You compute value1 - value2 several times in your function. Just do it once.
What applies to uint8_t can also be problematic. As far as performance is concerned, the best integral type to use as a conversion from double to integer is int , since the best integral type to use an array index is int .
max_value = value1; diff = value1 - value2; if (diff < 0.0) { max_value = value2; diff = -diff; } if (diff >= 5.0) { return max_value; } else { return max_value + LUT[(int)(diff * 10.0)]; }
Please note that the above ensures that the LUT index is between 0 (inclusive) and 50 (excluding). There is no need for uint8_t .
Edit
After some games with some variations, this is a fairly quick approximation of LUT to log(exp(value1)+exp(value2)) :
#include <stdint.h> // intptr_t *happens* to be fastest on my machine. YMMV. typedef intptr_t IndexType; double log_sum_exp (double value1, double value2, double *LUT) { double diff = value1 - value2; if (diff < 0.0) { value1 = value2; diff = -diff; } IndexType idx = diff * 10.0; if (idx < 50) { value1 += LUT[idx]; } return value1; }
The integral type IndexType is one of the keys to speeding up the process. I tested with clang and g ++, and both indicated that casting to intptr_t ( long on my computer) and using intptr_t as an index in LUT is faster than other integral types. This is significantly faster than some types. For example, unsigned long long and uint8_t incredibly bad options on my computer.
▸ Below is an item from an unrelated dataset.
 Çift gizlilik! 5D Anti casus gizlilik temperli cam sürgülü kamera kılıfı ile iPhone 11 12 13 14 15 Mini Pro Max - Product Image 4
Type is not just a hint, at least with the compilers used. These compilers did exactly what he said in the code to convert from a floating point type to an integral type, regardless of the level of optimization.
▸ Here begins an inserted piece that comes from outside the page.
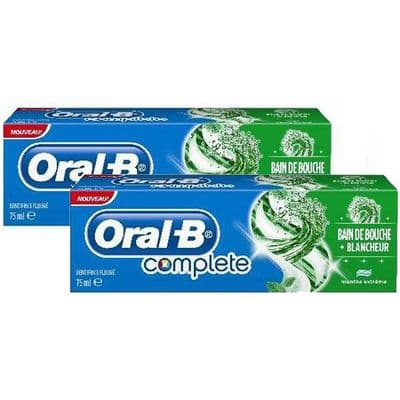 2050000274985 - Oral B - Dentifrice Complet Bain de bouche + Blancheur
Another speed error is obtained from comparing an integral type with 50, as opposed to comparing a floating point type with 5.0.
One final speed error: not all compilers are created equal. On my computer (YMMV) g++ -O3 generates significantly slower code (25% slower with this problem!) Than clang -O3 , which in turn generates code that is slightly slower than the generated clang -O4 .
I also played with a rational function approximation (similar to Mark Ransom's answer), but the above obviously does not use this approach.